Location
- Country: United States
- State: Missouri
- Counties: Christian, Webster and Stone

Physical characteristics
- • coordinates: 37°06′55″N 92°41′50″W﻿ / ﻿37.11528°N 92.69722°W
- • location: James River in Stone County
- • coordinates: 36°57′54″N 93°21′46″W﻿ / ﻿36.96500°N 93.36278°W
- • elevation: 1,020 ft (310 m)
- • location: Riverdale, MO
- • average: 281 cu/ft. per sec.

Basin features
- • left: Stewart Creek
- • right: Pedelo Creek, Parched Corn Creek

= Finley Creek =

Stream in Missouri, U.S.

Finley Creek (also known as Finely River) is a stream in the Ozarks in Stone, Christian, and Webster counties southern Missouri, United States.

==Description==
The headwaters of the Finley are in Webster County southeast of Seymour.
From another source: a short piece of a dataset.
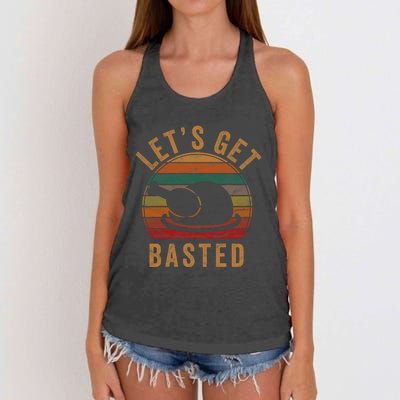 LetS Get Basted Thanksgiving Gifts Costume Leg Turkey Day Women's Knotted Racerback Tank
The stream flows west-southwest into Christian County, through Ozark and into the northeast corner of Stone County to its confluence with the James River at the old townsite of Jamesville. The Finley is bridged by Missouri Route 125 at Linden, Missouri Route 14 and US Route 65 in Ozark, and US Route 160 southwest of the old Riverdale dam.

Some say Finley Creek was named after John Finley, who accompanied Daniel Boone to Kentucky in 1769. Others contend that the pair didn’t meet until after Finley had left Kentucky. The creek is also rumored to be named after James Finley, an early hunter.